Spécial Luc DELLISSE !

Feuilleton autour de son essai Libre comme Robinson

Le livre appelle aux commentaires, au débat, et nous avons convié en guest star nos collègues Jean-Pierre Legrand et Julien-Paul Remy.

 

 Episode 3

(du chapitre 29 et de la page 78 à la fin)

 

Rappel : ce feuilleton prolonge un article plus traditionnel paru en août dans Les Belles Phrases :

https://lesbellesphrases264473161.wordpress.com/2019/07/27/le-coup-de-projo-dedi-phil-sur-le-monde-des-lettres-belges-francophones-15/

 

(15) « Les plaisirs d’être pauvre sont très relatifs. Le vide, le rêve, le froid, l’isolement, à pleines mains. Le présent éternel. Il faut faire la part du feu. »

 

Nouveau basculement ou nouvelle inflexion. Dellisse revient à son cas personnel, va développer son histoire et jouer les cobayes. Il a vécu pauvre mais sans regrets. Des allures de dandy infortuné (ou aux fortunes évanescentes) ? Il a préféré frauder en première classe, utilisé les toilettes des grands hôtels pour se rendre présentable.

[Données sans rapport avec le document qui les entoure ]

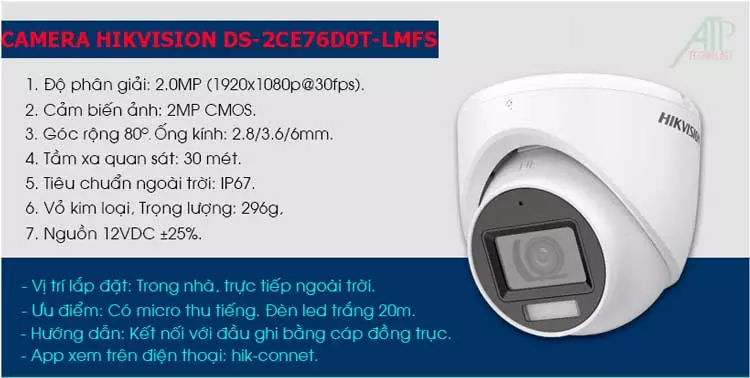 Camera HIKVISION DS 2CE76D0T LMFS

La débrouille, donc. Et la liberté. Avec ravissement. Sans esquiver les dangers pourtant qui l’ont guetté à l’un ou l’autre moment.

 

(16) « Le salariat (…) est d’abord un statut. (…) Si on n’a pas l’âme collective ou le sens de la culpabilité, on dépérit. »

 

Dellisse évoque les hiérarchies incompétentes (les plus nombreuses, certes), la convivialité professionnelle (qui rogne sur le temps personnel mais permet de sortir du quant-à-soi), les pertes de temps des trajets, etc. Mais. Il parle pour des gens qui ont un projet personnel à réaliser. Une œuvre à créer ? Oui, mais on peut sans doute étendre à toute idée de réalisation : ouvrir un gîte d’hôte dans une région qui vous enchante, faire un tour du monde en bateau, fonder sa société, etc.

Je le rejoins quant à son idéal de vie. Indépendante, libre et fière, arcboutée à la réalisation qui sort du fond des entrailles. Loup plutôt que chien ? Oui.

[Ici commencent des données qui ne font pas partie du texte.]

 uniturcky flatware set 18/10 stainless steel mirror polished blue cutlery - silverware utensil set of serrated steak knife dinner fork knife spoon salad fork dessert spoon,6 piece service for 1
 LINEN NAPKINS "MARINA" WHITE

Oui, mais en théorie. En pratique ? Une grande partie des gens n’ont pas d’aspirations de ce type et ne souhaitent rien tant que de rester arrimés à des rails. La réussite des Erdogan, Poutine et autres n’a-t-elle pas à voir avec ce besoin de déléguer toute responsabilité à une personne forte qui évacue la contradiction, la remise en question et propulse dans une vie soigneusement formatée ? Ne se cachent-ils pas derrière le Système que condamne Dellisse, qui surveille et contrôle ? Et ils ont été élus. Elus.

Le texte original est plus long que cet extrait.